Unfair Contract Terms

“Click here” and you may have just entered into a standard form contract to which the unfair contract terms (UCT) law in the Australian Consumer Law (ACL) apply.

The UTC provisions apply to business contracts where:-

  • at least one party to the contract is a ‘small business’
  • the contract is a ‘standard form contract’
  • A term is ‘unfair’

When do the UCT laws apply?

In summary, from 10 November 2023:-

  • A small business will be one which employs less than 100 people or has an annual turnover of less than $10 million;
  • A standard form contract will be defined as one pre-prepared by the party which has all or most of the bargaining power, used on multiple occasions and where there is little scope to negotiate terms; and
  • A clause may be presumed to be unfair if the same or a substantially similar term was found to be unfair in similar circumstances in a separate case.

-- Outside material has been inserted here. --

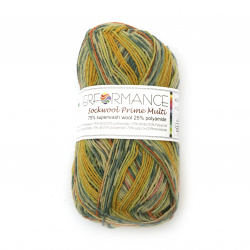 Yarn SOCKWOOL PRIME MULTI -   75% Superwash Wool, 25% Polyamide / Color: Green and Yellow Melange / 50 grams - 210 meters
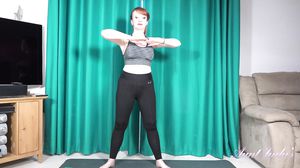 AuntJudys - Red Works Up A Sweat Then Works Her Pussy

There is no upfront price limitation and if a party basically has to “take it or leave it” it will be difficult to argue that it is not a standard form contract. 


An unfair contract terms is one which

  • would cause a significant imbalance in the parties’ rights and obligations arising under the contract
  • is not reasonably necessary to protect the legitimate interests of the party that would benefit from the term, or
  • would cause detriment (financial or otherwise) to a small business if it were to be applied or relied on.

The ACL sets out examples of terms that may be unfair, including:

  • terms that allow one party (but not the other) to avoid or limit their responsibilities under the contract
  • terms that allow one party (but not the other) to end the contract
  • terms that penalize one party (but not the other) for breaking or ending the contract
  • terms that allow one party (but not the other) to change the terms of the contract.

Examples of unfair contract terms

Terms which could be considered unfair are ones which allow for:-

  • Automatic renewal of the term of the agreement;
  • one sided limitation of liability;
  • unilateral variation of terms; and
  • Unfair payment terms

The courts have found the following clauses to be unfair:-

  1. [The supplier] has the right to immediately vary all or some of the charges payable by the customer by notifying the customer.
  2. By signing and returning the contract to [the supplier],the customer irrevocably offers to acquire the software and services under the contract but [the supplier] is not bound by the contract until the customer has been advised in writing of [the supplier’s] unconditional acceptance of the contract or [the supplier] has commenced providing the support services, whichever occurs first.
  3. The customer states they have read each document forming part of the contract (including any document incorporated by reference and not provided to the customer) and has based its acquisition decision solely on their contents.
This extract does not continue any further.